ASSIGNMENT:
Repeat, word for word, all the data that follows, and exclude the pictures.

DATA:

# # # # # # #

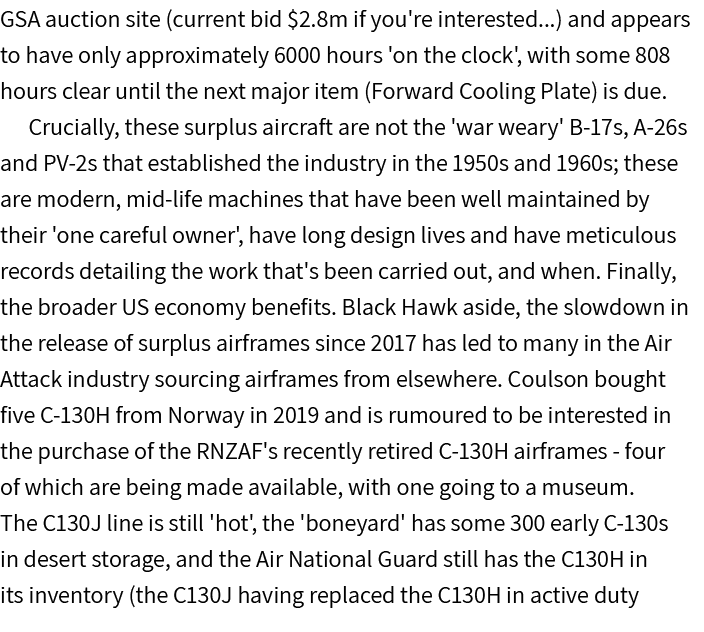 GSA auction site (current bid $2.8m if you're interested...) and appears to have only approximately 6000 hours 'on th...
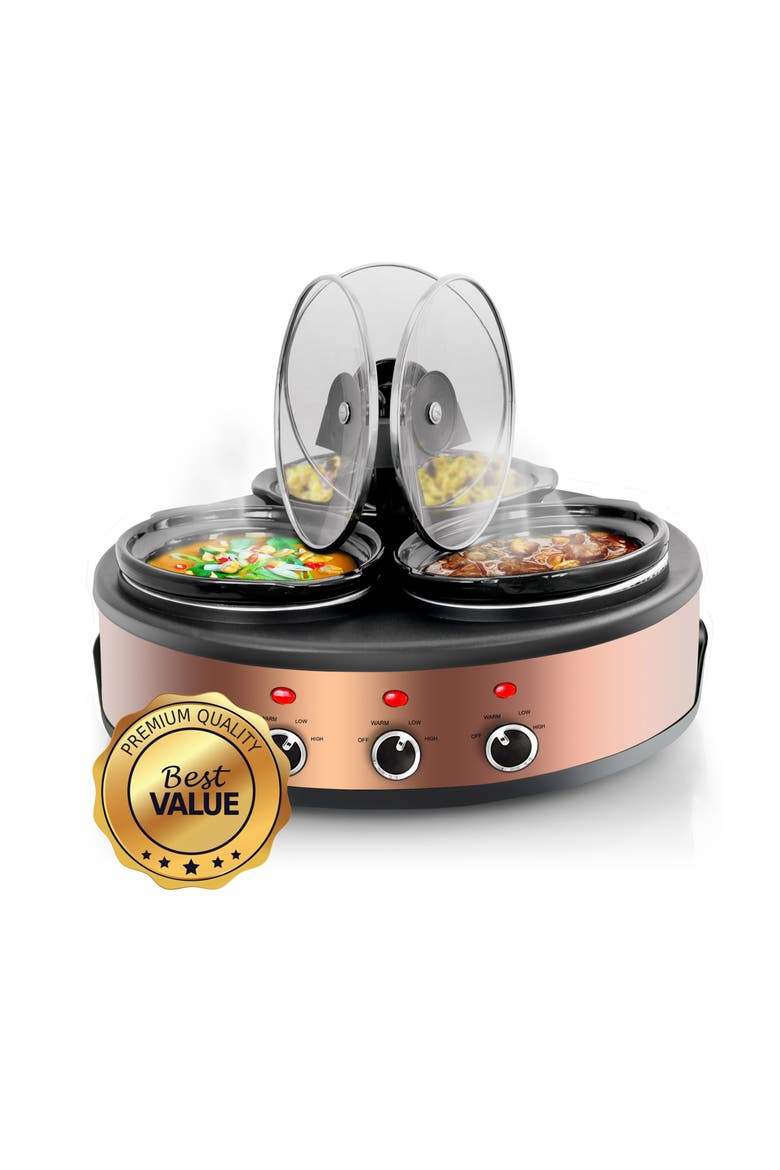 Round Slow Cooker and Buffet Server with 3 Ceramic Cooking Pots, Alternate, color, Black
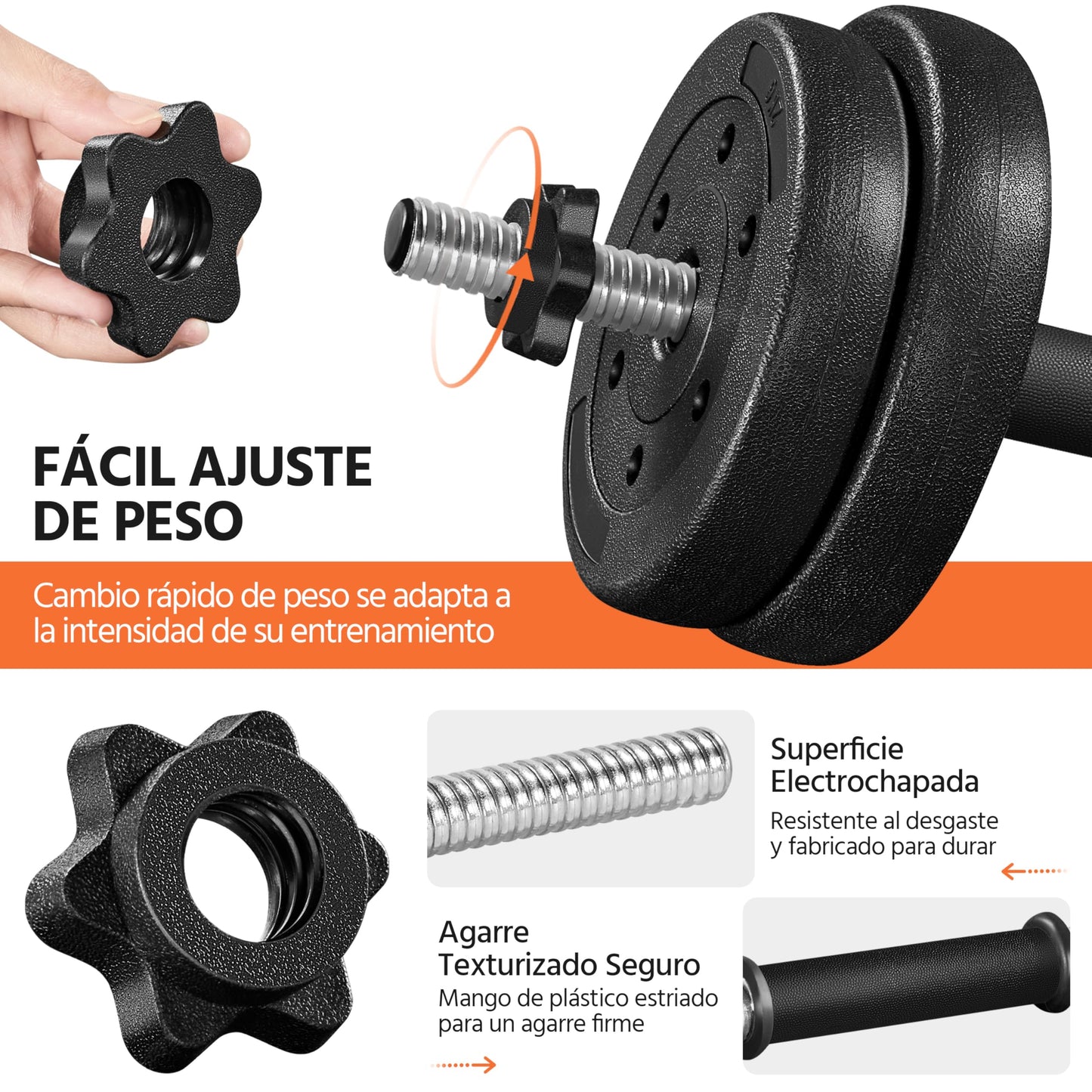 Yaheetech Mancuernas Ajustables 2x15 kg Pesos Fitness Entrenamiento con Barras de Acero y Discos Juego de Pesas Musculacion con Cerraduras de Estrella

# # # # # # #

EXERCISE OUTPUT:
 GSA auction site (current bid $2.8m if you're interested...) and appears to have only approximately 6000 hours 'on th...
 Round Slow Cooker and Buffet Server with 3 Ceramic Cooking Pots, Alternate, color, Black
 Yaheetech Mancuernas Ajustables 2x15 kg Pesos Fitness Entrenamiento con Barras de Acero y Discos Juego de Pesas Musculacion con Cerraduras de Estrella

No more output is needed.